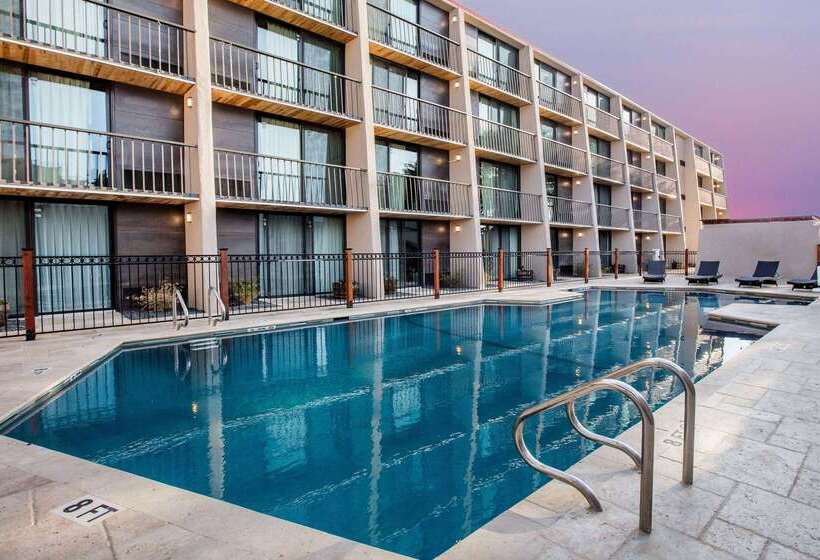 هتل Ramada By Wyndham Austin South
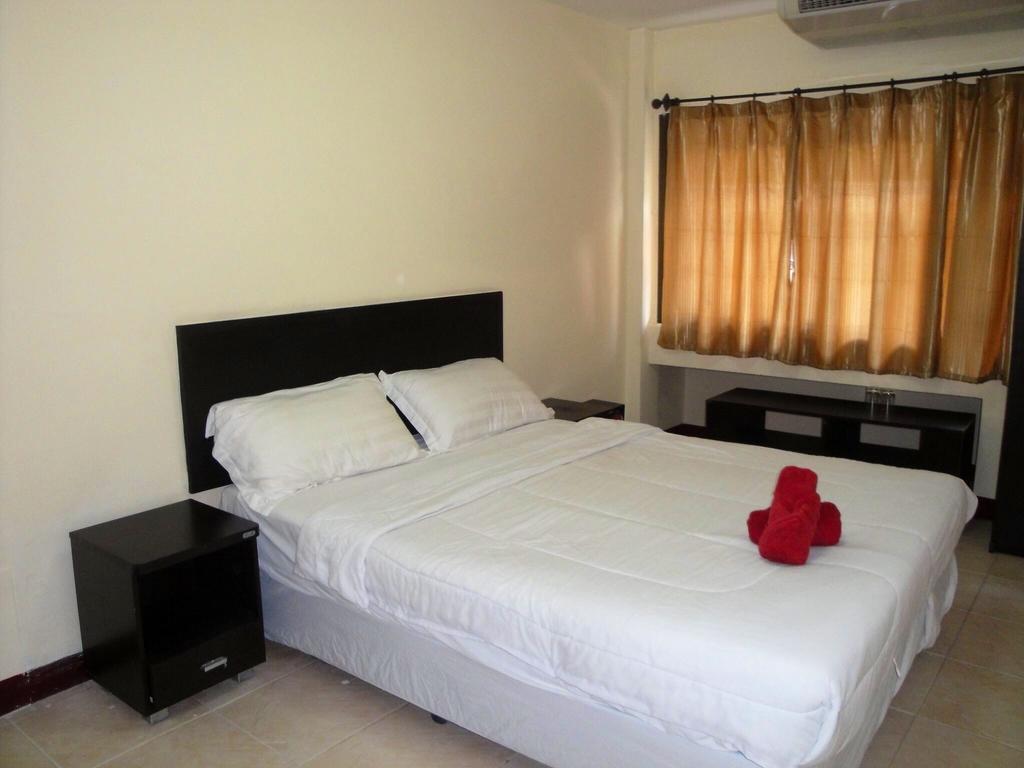 Sandman Hotel & Sports Bar Pattaya Phòng bức ảnh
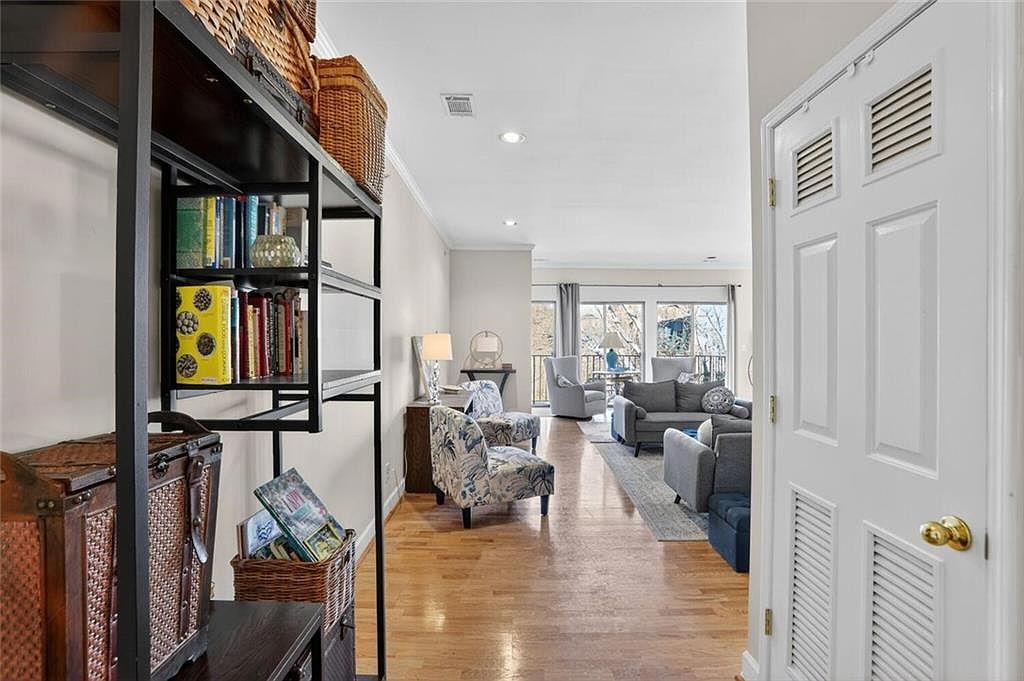 2921 Lenox Rd NE APT 413 Atlanta, GA 30324 - Thumbnail 3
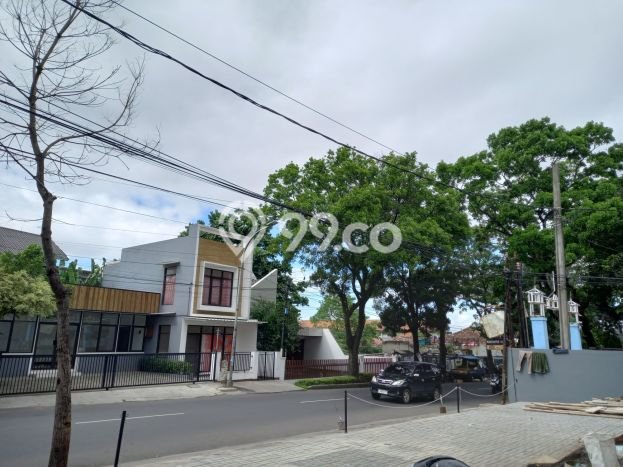 Ruko di Cimahi Utara, Luas 142m², For Rent, Area Bisnis, Siap Pakai Ruko di Cimahi Utara, Luas 142m², For Rent, Area Bisnis, Siap Pakai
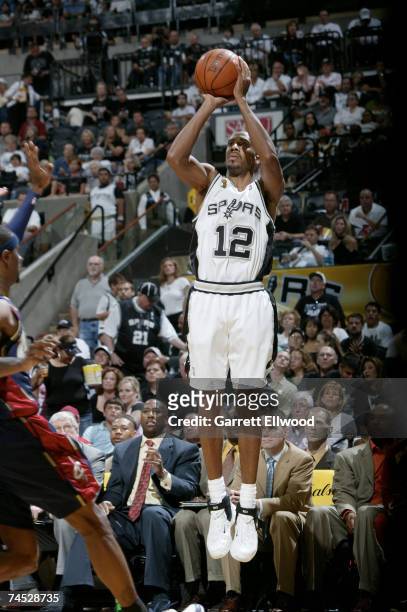 Bruce Bowen of the San Antonio Spurs shoots against the Cleveland Cavaliers during Game 2 of the 2007 NBA Finals on June 10, 2007 at the AT&T Center...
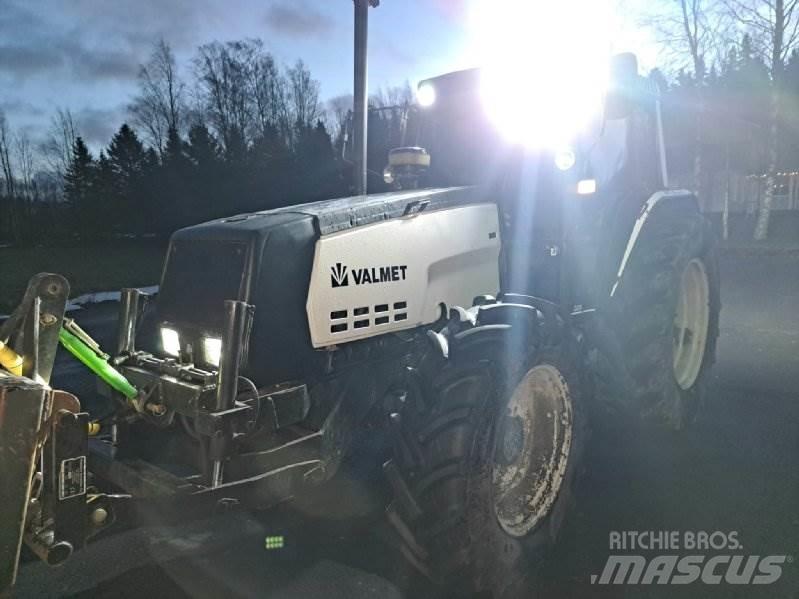 Valmet 8100 Трактора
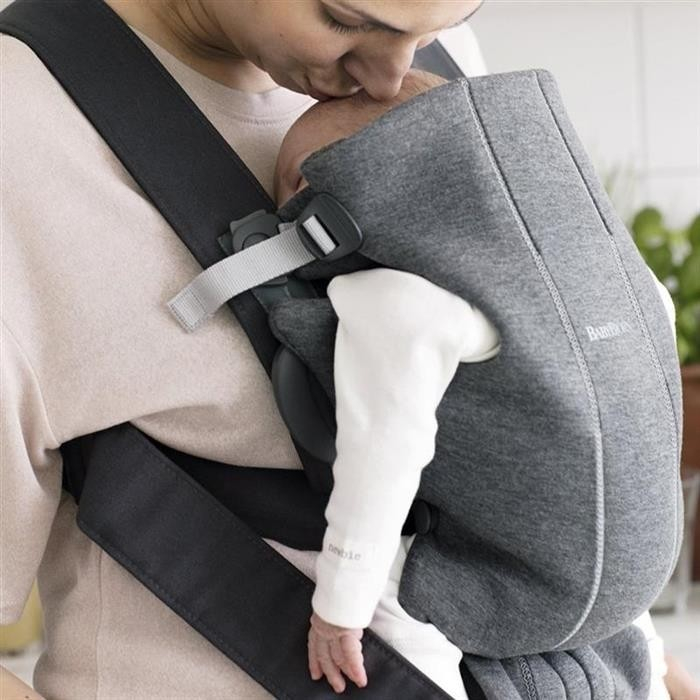 Marsupiu anatomic Mini BabyBjorn, cu pozitii multiple de purtare – Dark Grey, 3D Jersey [5]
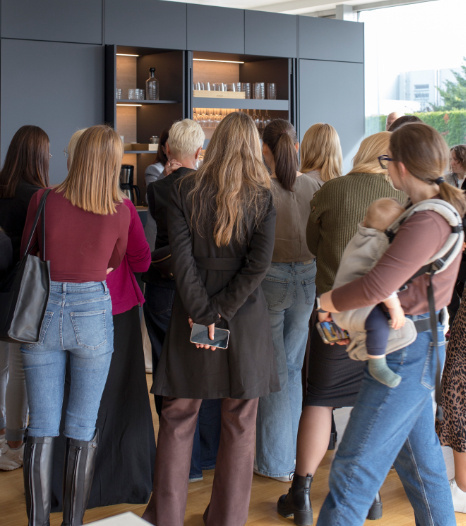 Zwiedzanie showroomu Peka i testowanie funkcjonalnych system&oacute;w wyposażenia mebli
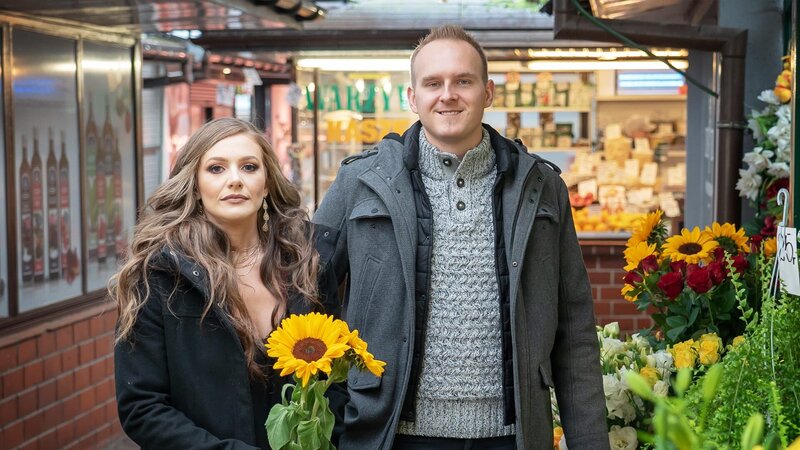 Das karriereorientierte Paar Sarah und Andreas Achleithner verlässt Nevada und zieht nach Polen. Für einen aufregenden Neustart in Krakau suchen sie das richtige Zuhause. Sie wollen so nah wie möglich an der Altstadt wohnen, doch im Stadtzentrum ist es schwierig, ein Haus zu finden. Die beiden haben viele Punkte auf ihrer Wunschliste, die der Immobilienmarkt nicht hergibt. – Bild: HGTV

= ASSIGNMENT =
Give the data above again, exactly, with every picture removed.

= EXERCISE RESULT =
 هتل Ramada By Wyndham Austin South
 Sandman Hotel & Sports Bar Pattaya Phòng bức ảnh
 2921 Lenox Rd NE APT 413 Atlanta, GA 30324 - Thumbnail 3
 Ruko di Cimahi Utara, Luas 142m², For Rent, Area Bisnis, Siap Pakai Ruko di Cimahi Utara, Luas 142m², For Rent, Area Bisnis, Siap Pakai
 Bruce Bowen of the San Antonio Spurs shoots against the Cleveland Cavaliers during Game 2 of the 2007 NBA Finals on June 10, 2007 at the AT&T Center...
 Valmet 8100 Трактора
 Marsupiu anatomic Mini BabyBjorn, cu pozitii multiple de purtare – Dark Grey, 3D Jersey [5]
 Zwiedzanie showroomu Peka i testowanie funkcjonalnych system&oacute;w wyposażenia mebli
 Das karriereorientierte Paar Sarah und Andreas Achleithner verlässt Nevada und zieht nach Polen. Für einen aufregenden Neustart in Krakau suchen sie das richtige Zuhause. Sie wollen so nah wie möglich an der Altstadt wohnen, doch im Stadtzentrum ist es schwierig, ein Haus zu finden. Die beiden haben viele Punkte auf ihrer Wunschliste, die der Immobilienmarkt nicht hergibt. – Bild: HGTV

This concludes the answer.